荷揚げ業では、形や重量の異なる建築資材を、現場の状況に合わせて運びます。

石膏ボード、軽量鉄骨材、床材、タイル、サッシ、建具、住宅設備などは、それぞれ持ち方や注意点が異なります。

重い物を無理に持ち上げれば、腰や肩を傷めるだけでなく、資材を落として破損させる可能性があります。

一方で、適切な姿勢や道具、チームワークを活用すれば、身体への負担を減らしながら安全に運搬できます。

荷揚げ業で求められるのは、単純な力の強さではありません。

資材の重心を見極め、必要な機材を選び、周囲と動きを合わせる実践的な運搬技術です🔧

資材の重心を見極める

物を安全に持つためには、重さだけでなく、重心の位置を把握する必要があります。

均等な形の資材であっても、内部の構造や梱包状態によって、片側が重くなっている場合があります⚖️

持ち上げる前に少し動かし、どちら側に重量が偏っているかを確認します。

二人以上で運ぶ場合は、身長や持つ位置によって、一人へ負担が集中することがあります。
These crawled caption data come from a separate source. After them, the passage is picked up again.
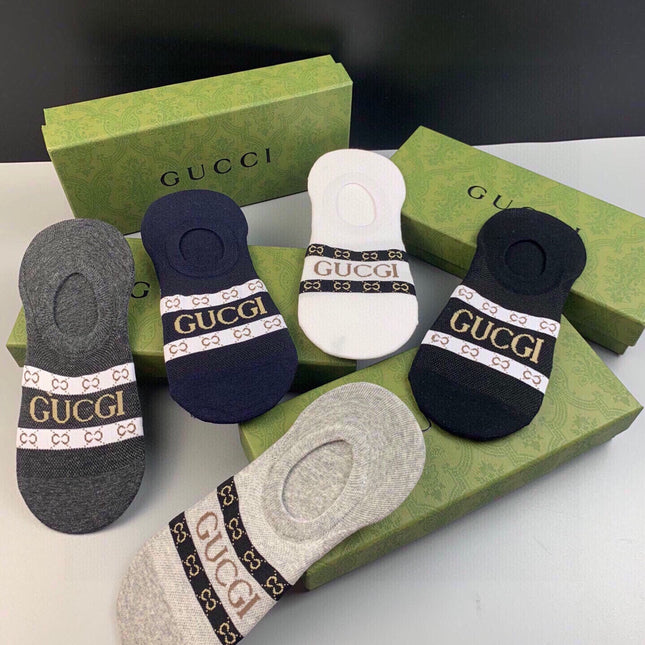 FLAT SOCKS 427656 (1 BOX)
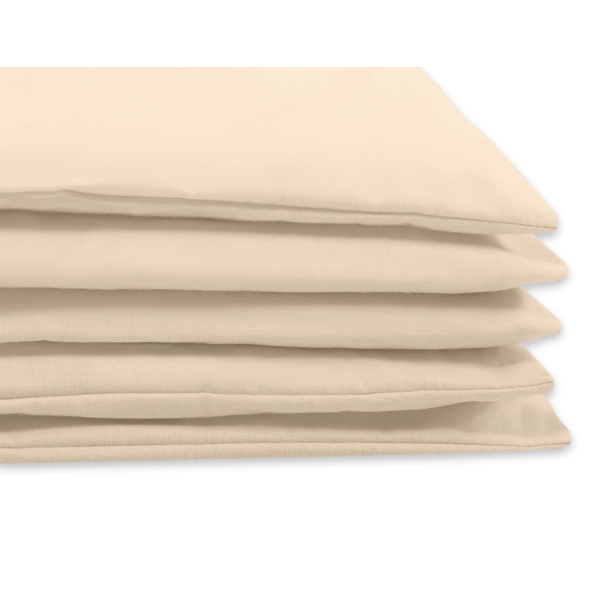 Sengetøj til babyseng i 2 dele  Beige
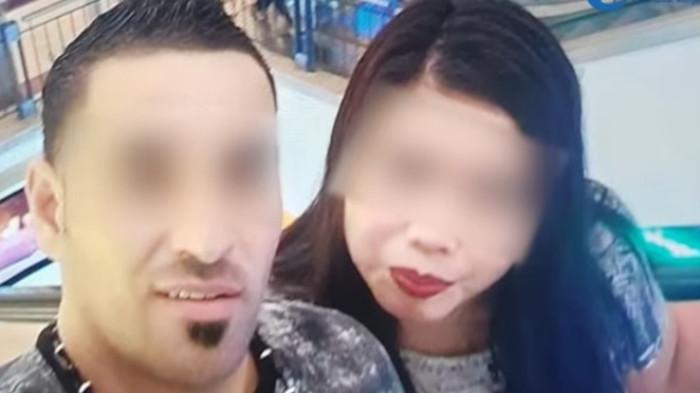 PELAKU PEMBUNUHAN - Terduga pelaku pembunuhan Dewhinta Anggary, cucu dari seniman Mpok Nori adalah mantan suami siri korban, Warga Negara Asing (WNA) berinisial FD (35). 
作業を始める前に、どこを持つのか、どちらが前になるのか、どの合図で持ち上げるのかを決めます。

重量が分からない資材を、いきなり全力で持ち上げるのは危険です。

片側を少し浮かせ、持ち上げ可能かを確認してから運搬します。

無理だと感じた場合は、人数を増やすか、台車や揚重機器を使用します。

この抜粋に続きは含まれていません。